Getting Oriented

Bretons like to say they are Celtic, not Gallic, and other French people sometimes feel they are in a foreign land when they visit this jagged triangle perched on the northwest tip of mainland Europe. Two sides of the triangle are defined by the sea. Brittany's northern coast faces the English Channel; its western coast defies the Atlantic Ocean. The north of Brittany tends to be wilder than the south, or Basse Bretagne, where the countryside becomes softer as it descends toward Nantes and the Loire. But wherever you go, the "Côtes d’Armor" (Lands of the Sea) are never too far away.

  • Northeast Brittany and the Channel Coast. The northern half of Brittany is demarcated by its 240-km (150-mile) Channel Coast, which stretches from Cancale, just west of Normandy’s Mont-St-Michel, to Morlaix. This can be loosely divided into two parts: the Côte d'Emeraude (Emerald Coast), with cliffs punctuated by golden, curving beaches; and the Côte de Granit Rose (Pink Granite Coast), including the astonishing area around Trébeurden, where Brittany's granite takes amazing forms that glow an otherworldly pink. On the road heading there are the gateway city of Rennes; the oyster mecca of Cancale; and the great port of St-Malo, where stone ramparts conjure up the days of marauding corsairs.

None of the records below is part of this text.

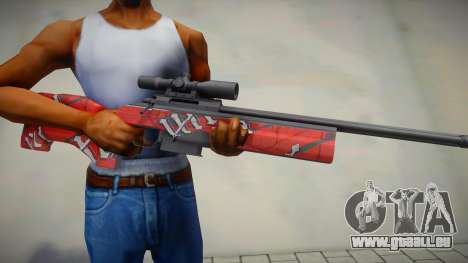 Baka Sniper pour GTA San Andreas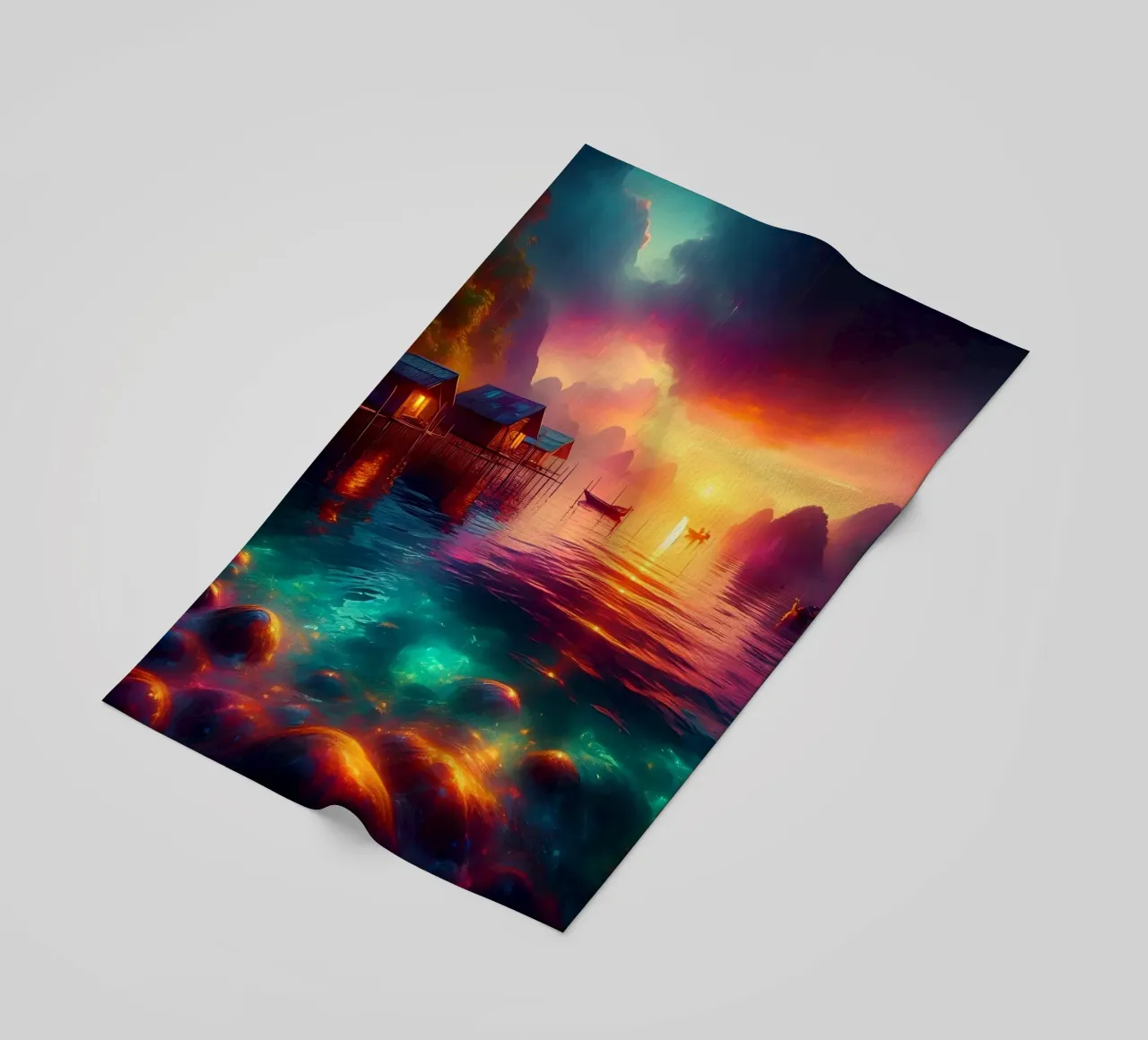 Gioco di colori telo mare da nomad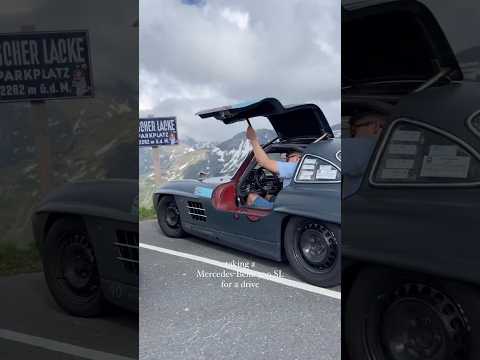 Thumbnail for POV: Driving the Legendary 1955 Mercedes-Benz 300 SL by Mercedes-Benz 300 SL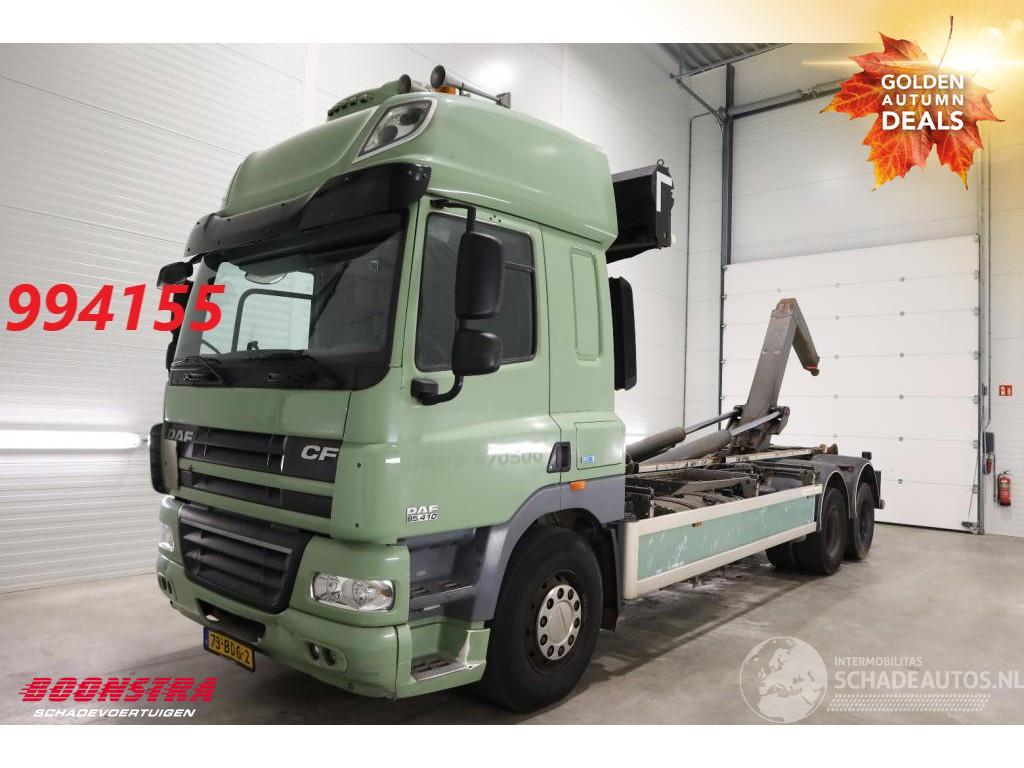 DAF CF 85 .410 VDL 21t. Haakarm Standairco 6X2 Euro 5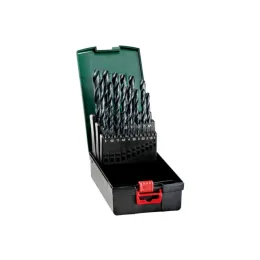 HSS-R-Metallbohrerset, 25-teilig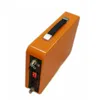 Batteria al litio portatile lifepo4 12V 50Ah 60Ah 80Ah 12V con BMS per camper da campeggio RV accumulo solare + caricabatterie 10A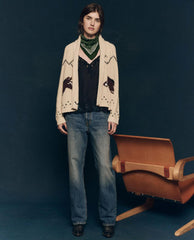 The Great. Sweaters | The Horse Lodge Cardigan. Cream - Women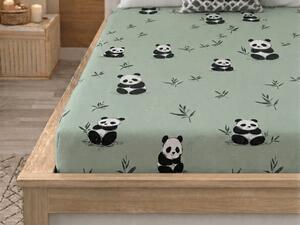 Rjuha iz mikrovlaken PANDA RELAX mentolna 90x200 cm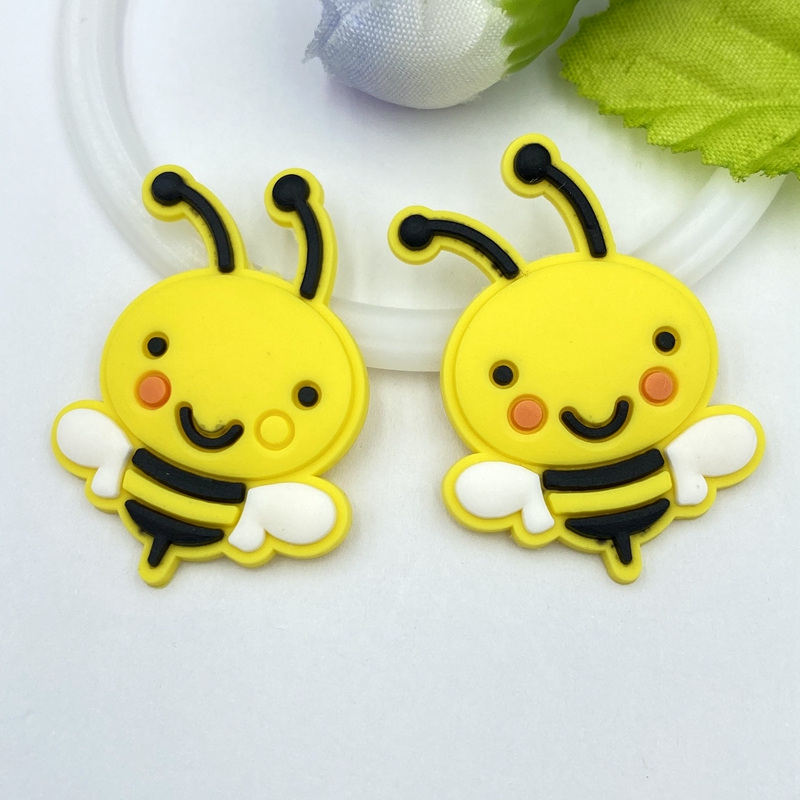 10/20/30 Buah Lucu PVC Lebah F - Embellishment Glue Craft ulasan dan harga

  • The Atlantic Coast. Bypassing the lobster-claw of Brittany's Finistère ("Land's End"), this westernmost region tempts with folkloric treasures like Ste-Anne-la-Palud (famed for its pardon festival); Quimper, noted for its signature ceramics; and cheerful riverside villages like Pont-Aven, which Gauguin immortalized in many paintings. Here, the 320-km (200-mile) Atlantic coast zigzags southeast, its frenzied, cliff-bashing surf alternating with sprawling beaches and busy harbors. Belle-Ile is a jewel off the Morbihan coast, another beautiful stretch of shoreline. Enjoy its away-from-it-all atmosphere, because the bustling city of Nantes lies just to the southeast.